Defendant also claims that plaintiff violated the security agreement by not providing it with notice that it would move against defendant’s assets to satisfy the debt owed on the promissory note. However, plaintiff, in a series of e-mails sent by Juneau to defendant in July and August 2008, repeatedly voiced concern regarding the company’s financial condition and stated that it intended to take “appropriate actions to protect it’s [sic] interest.” Since defendant knew, as previously noted, that plaintiff had the right to accelerate the debt owed on the promissory note in the event of a default, it was on notice that plaintiff could exercise its rights under the security agreement (see Limited Liability Company Law § 611) and pursue an order of seizure to protect its financial interests.
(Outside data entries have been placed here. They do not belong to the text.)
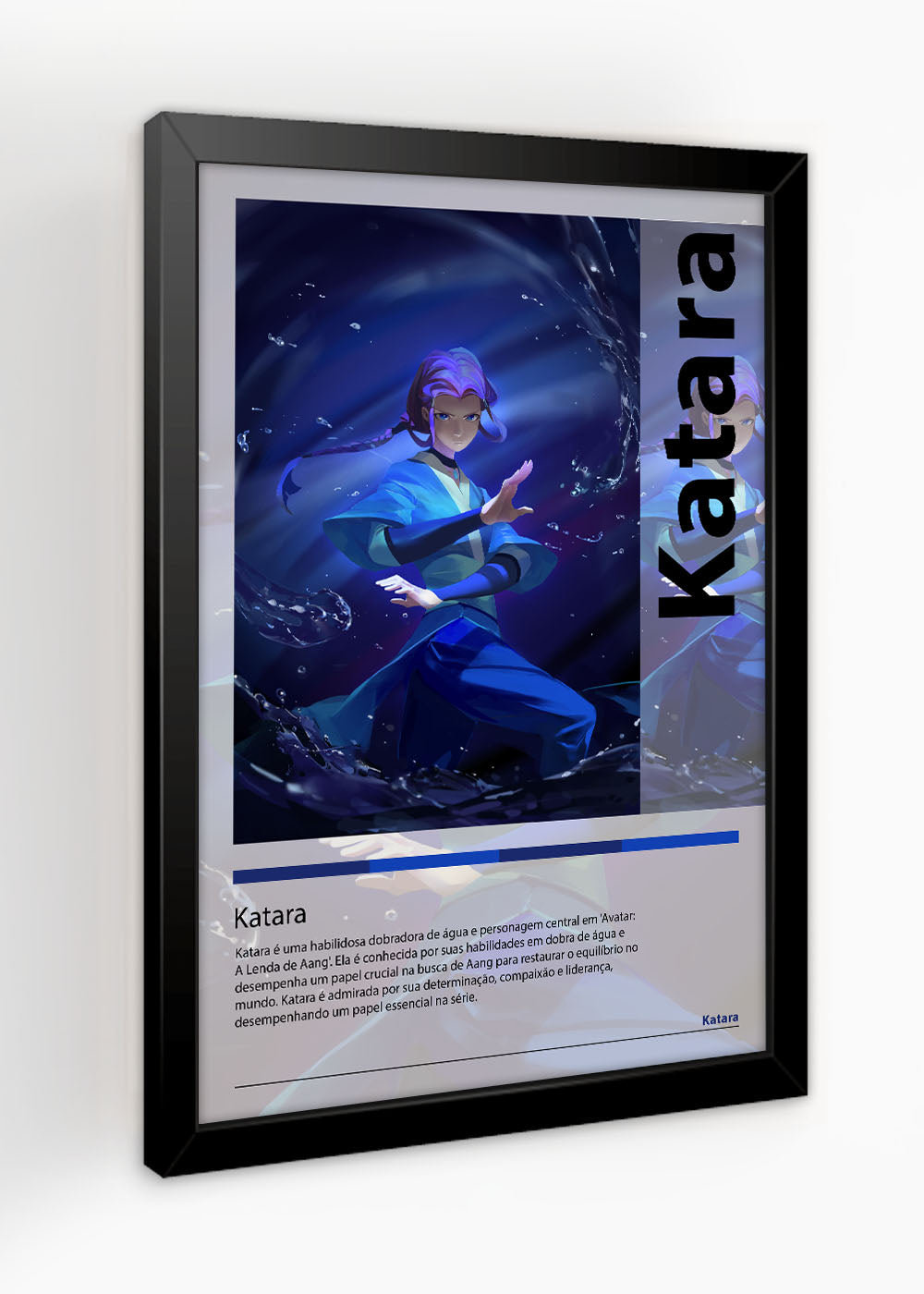 Quadro Decorativo Katara Avatar: A Lenda de Aang - Com vidro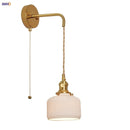 Helnys Copper Ceramic LED Wall Light Fixture with Pull Chain Switch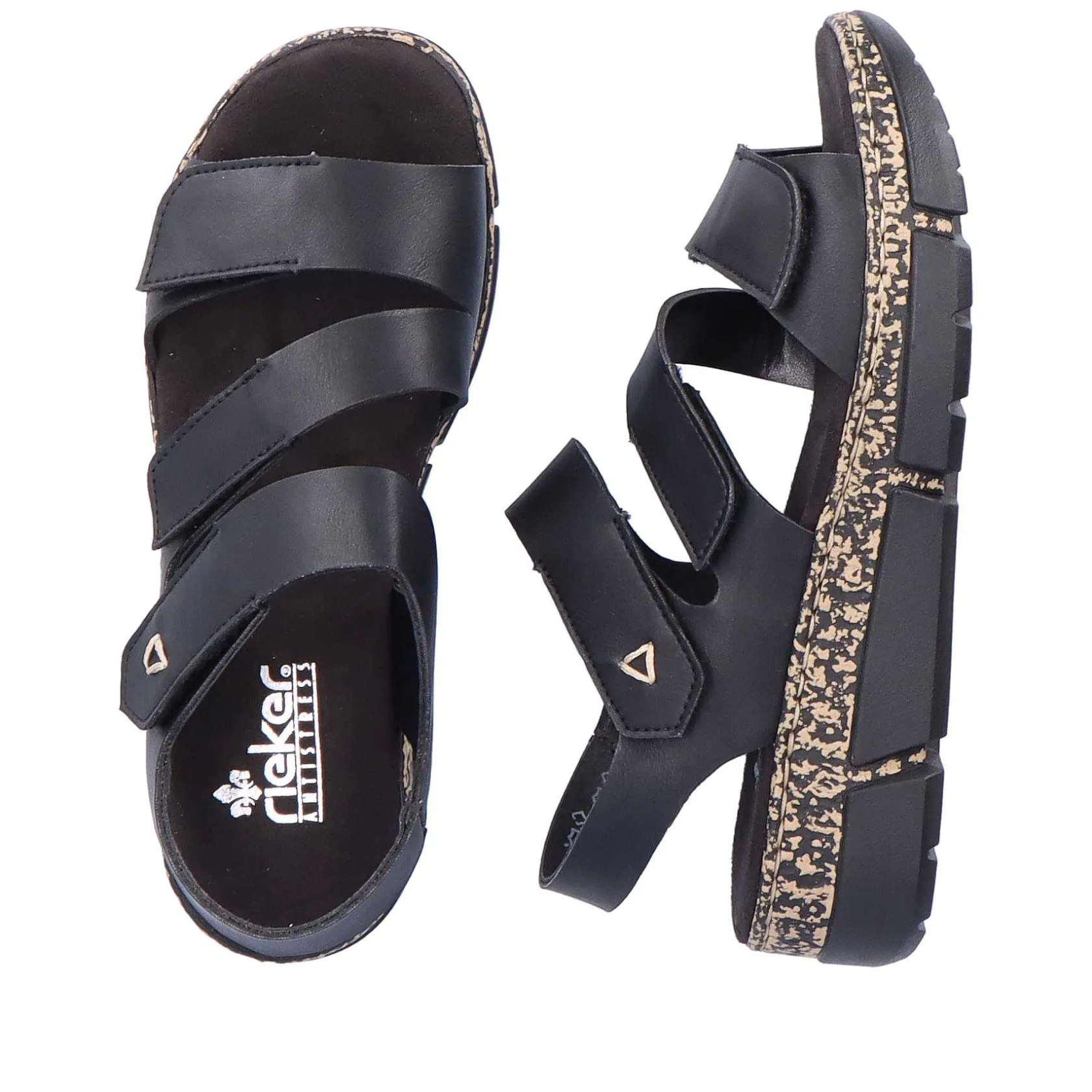 Rieker Vegan-Women'S Strappy Sandals Asphalt Black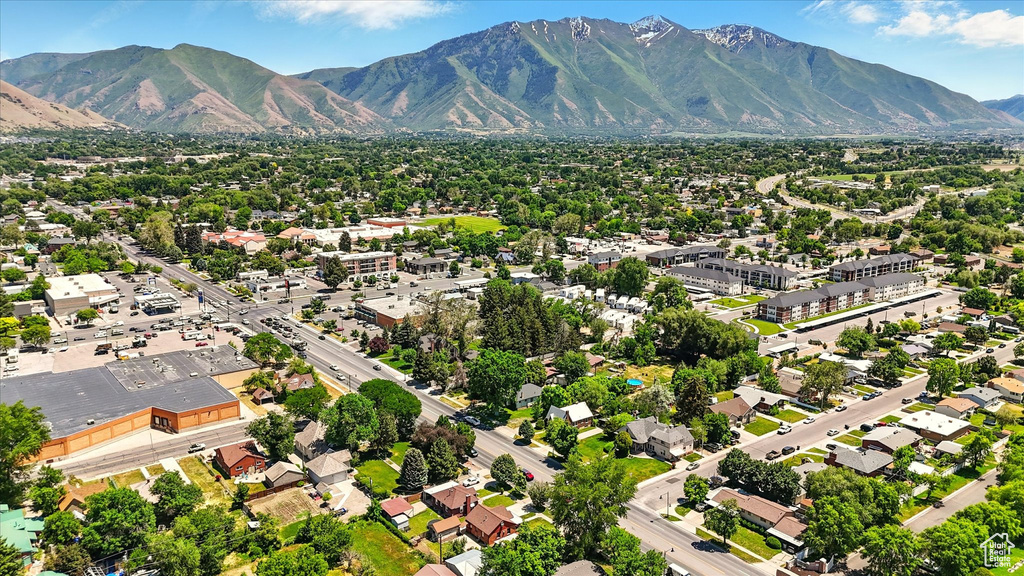 Drone / aerial view of a mountainous background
As for Supreme Court’s decision allowing plaintiff to file a substitute undertaking (see CPLR 2506), the bond provided sufficient protection for any loss that defendant might suffer if it ultimately prevailed in this action and, at the same time, satisfied plaintiffs obligation as set forth in the court’s order. Defendant, while objecting to the process employed by plaintiff in filing the substitute undertaking, has not claimed that the bond is insufficient to secure the undertaking, or that it is invalid. Therefore, defendant’s challenge to this substitute undertaking was properly denied (see Johanson Resources v La Vallee, 285 AD2d 761, 761 [2001]).

Finally, we affirm Supreme Court’s order denying defendant’s application that plaintiff be compelled to reimburse it for certain expenditures that were incurred by the business between the time the temporary restraining order was issued (July 21, 2008) and the order authorizing the seizure of defendant’s assets was entered (Nov. 6, 2008). The court, when it issued the temporary restraining order, specifically authorized defendant to renew its application to vacate this order if the parties were unable to agree on the payment of essential business expenses that had to be paid to keep the business in operation. Given that during this period defendant only made one claim for the *1278payment of such an expense—that being the payment of fees owed its general manager and litigation counsel—its belated application to recoup other expenses incurred during this period was properly denied.

Peters, J.P, Rose and Garry, JJ., concur; Kavanagh, J., not taking part. Ordered that the orders are affirmed, with costs.

. Stykes-Rua’s husband, Vincent Rua, was defendant’s general manager.

. Stykes-Rua makes no argument on appeal with respect to the denial of her motion to intervene.